Short web captions:

--------------------------------------------------

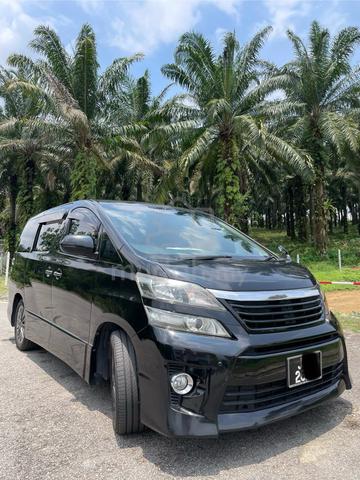 2014 Vellfire 8 Seater Black interior  Offer Sale - 2
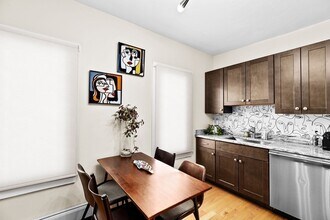 12 Pearl Street Pl, Unit 2 in Somerville, MA - Building Photo - Building Photo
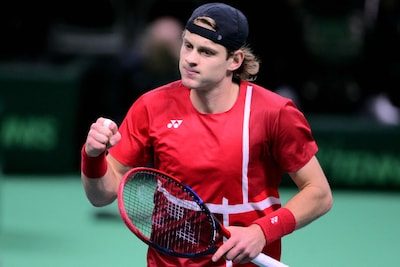 Zizou Bergs en co. stomen zich klaar voor Davis Cup: historisch voetbalstadion in Oostenrijk omgetoverd tot gravelbaan…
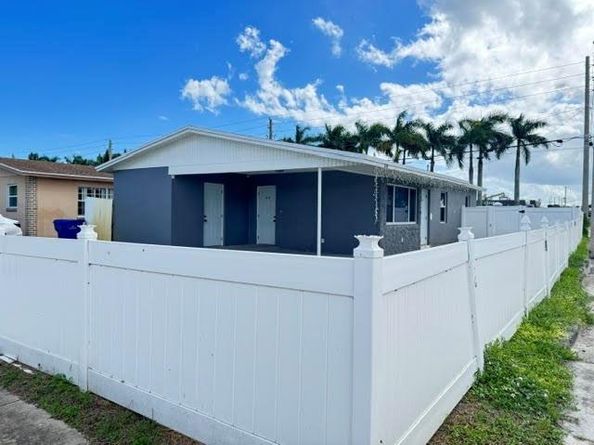 818 Avenue U, Riviera Beach FL 33404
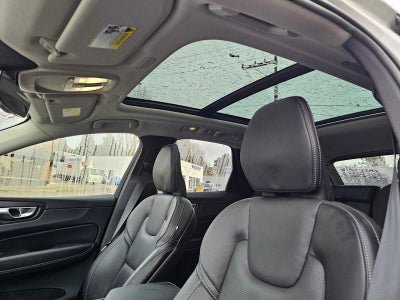 2025 Volvo XC60 Plug-In Hybrid Ultra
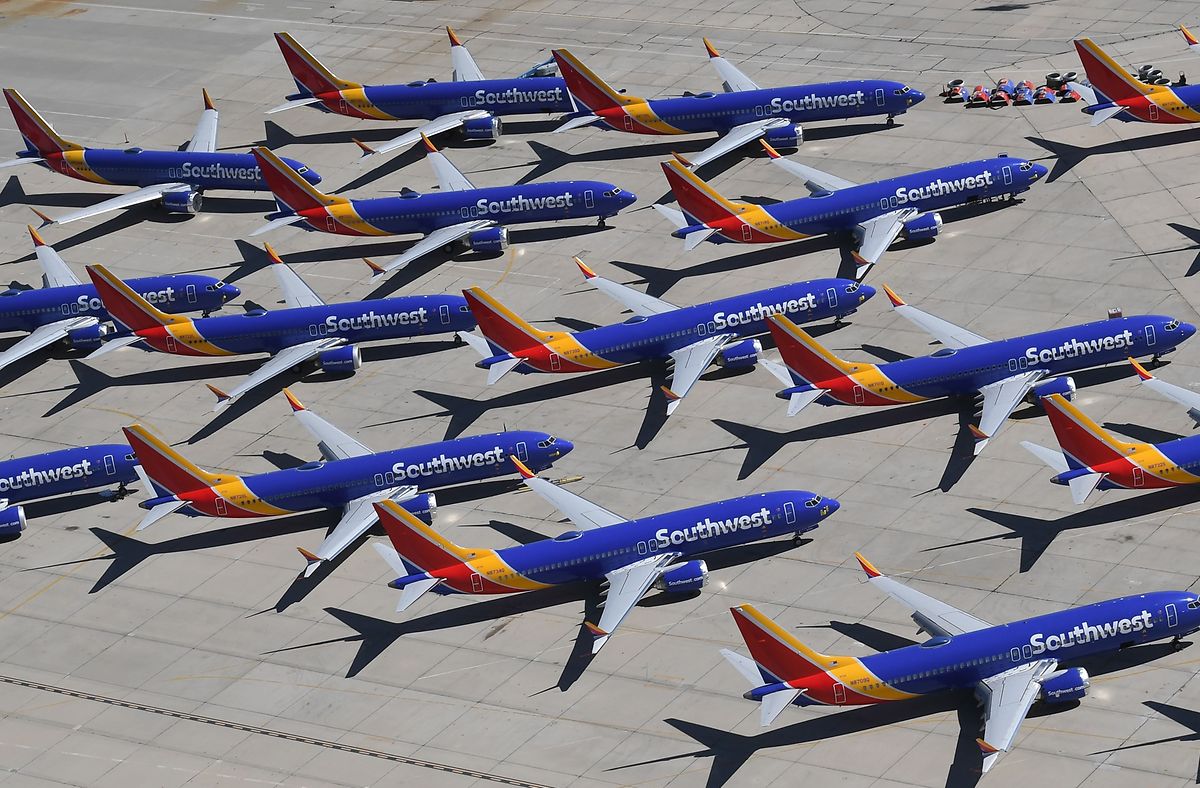 Derzeit stehen weltweit alle Boeing 737 Max 8 am Boden. Hier eine Aufnahme von Southwest-Fliegern in Kalifornien.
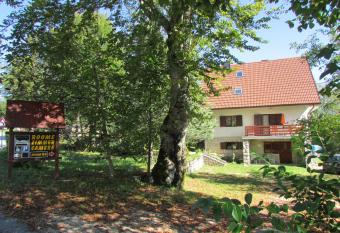 Guest House Nenad has Balcony rooms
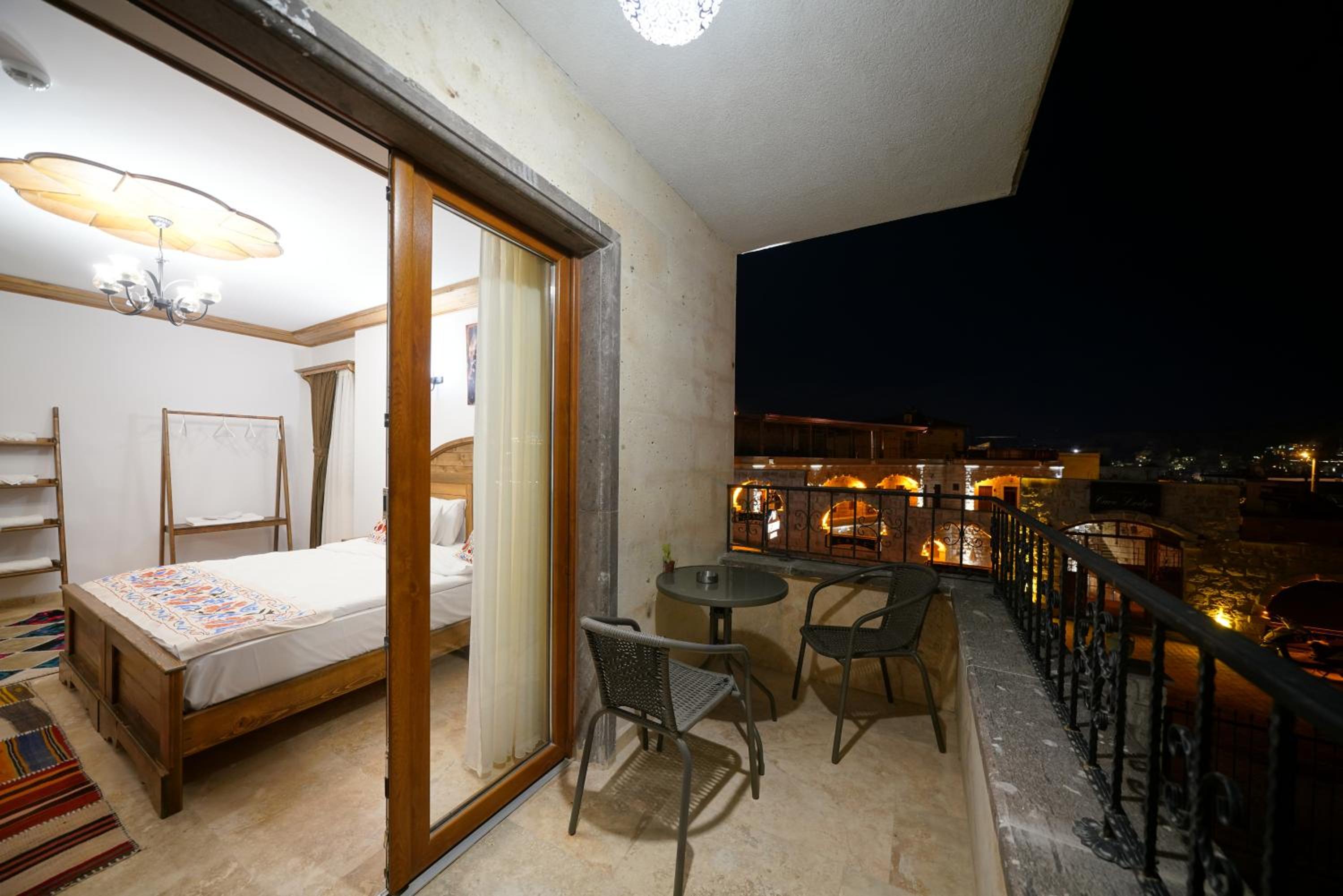 Deluxe Double Room with Balcony photo 2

--------------------------------------------------

For this exercise, the lines from the one containing "2025 Volvo XC60 Plug-In Hybrid Ultra" through the last line of the entries above are to be output exactly, both included, and pictures are skipped.

◆ Answer ◆
 2025 Volvo XC60 Plug-In Hybrid Ultra
 Derzeit stehen weltweit alle Boeing 737 Max 8 am Boden. Hier eine Aufnahme von Southwest-Fliegern in Kalifornien.
 Guest House Nenad has Balcony rooms
 Deluxe Double Room with Balcony photo 2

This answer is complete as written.